For awhile, I felt their death as a coldness, an absence, an unfairness. Slowly, imperceptibly, those feelings changed until, after about two years, their absence began to feel like its opposite, a different kind of presence. The pain of separation disappeared and I, as did the rest of my brothers and sisters, began to feel their warm presence again, in a new, more–enduring way. Moreover, whatever faults and deficiencies they might have had in life now seemed purified, washed clean by their deaths.

In that experience, I got a taste of the great mystery of the ascension, the mystery of how in having to let go of one kind of presence, however painful that may be, we receive a new, more–enduring presence, that of spirit.

The ascension is perhaps the least understood of all the major mysteries within Christianity — perhaps more “under–understood” than misunderstood. We tend to picture the ascension more than theologize about it. Mention of the ascension tends to set loose a picture (given us by St. Luke) of the resurrected body of Jesus ascending like a slow–motion satellite at Cape Canaveral, with Jesus waving goodbye and blessing us as he drifts slowly upwards through the clouds. A beautiful icon. But what is this mystery really?

The ascension, in essence, is the mystery that explains the transition between the earthly and the enduring presence of Jesus. What does this mean? Perhaps John's gospel is easiest to understand here. John expresses the idea of the ascension in the concept of “not clinging”, of letting go of Jesus as we once had him in order to be able to receive his new, resurrected presence, now given in his spirit, the Holy Spirit. The other gospels employ a different image, but with the same idea: The Jesus who walked this earth with us, whom we touched physically, who ate fish in front of us even after the resurrection — but who was then circumscribed and limited in his presence by that physical tangibility — must be let go of so that he can now be with us in a richer, fuller way.

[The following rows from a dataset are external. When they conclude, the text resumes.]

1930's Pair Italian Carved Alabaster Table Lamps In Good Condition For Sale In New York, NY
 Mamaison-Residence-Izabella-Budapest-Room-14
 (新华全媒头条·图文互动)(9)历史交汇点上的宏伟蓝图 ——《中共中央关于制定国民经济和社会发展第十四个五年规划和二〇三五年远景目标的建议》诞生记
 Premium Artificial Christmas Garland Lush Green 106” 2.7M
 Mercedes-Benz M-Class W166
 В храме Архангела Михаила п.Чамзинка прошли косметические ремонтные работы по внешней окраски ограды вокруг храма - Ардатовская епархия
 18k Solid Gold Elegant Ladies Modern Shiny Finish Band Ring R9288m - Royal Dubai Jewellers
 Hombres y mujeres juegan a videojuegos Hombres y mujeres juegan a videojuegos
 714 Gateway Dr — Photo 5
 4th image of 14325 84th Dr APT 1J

Moreover, this concept does not just describe an event in Jesus' life, it throws light on the entire mystery of human love and intimacy, revealing there a great paradox, a puzzling interplay between presence and absence, between physical touch and enduring spirit, between having to let go of one kind of presence in order to receive another. And always it involves a pain that stretches us.

In John's gospel, when Jesus is preparing his followers for the ascension, he keeps saying these words over and over again: “It is better for you that I go away because only if I go, can I send you the spirit. You will be sad now, but your sadness will turn to joy.” John adds the cryptic phrase, “For, as yet, there was no Holy Spirit since Jesus had not yet been glorified.” How is this possible? Doesn't the Spirit pre–exist inside God from all eternity?

John is not commenting here on the Holy Spirit's pre–existence. What he is saying is intended to help us understand a certain something within the mystery of Jesus' death and within the mystery of life in general. What? Among other things, this:

Every time a child grows up and leaves home, he or she could say the same words Jesus did: “It is better that I go. Only then can you receive my new spirit — right now that spirit doesn't exist because I haven't yet gone away.” This is even more true when a mother or father is dying. Had a dying parent full faith, full courage, and full words, he or she could say to the family: “It is better for you that I go away. Only then can you receive my spirit. You will be sad now, my death will feel like a coldness, an absence, but one day that will turn to warmth, to a new enduring presence, my spirit.” Indeed, this is even true, in a miniature way, whenever we visit a friend. It is good that we come for a visit, it is also good that we leave. Our absence helps purify our presence, not just in the sense of “how can you miss me if I don't go away”, but in that much deeper sense, where only our leaving can release a fuller, more–enduring presence, our spirit.

Such is the dynamic of the ascension: Spirit follows touch, healthy absence can help purify presence, and only a certain kind of going away can keep us together forever.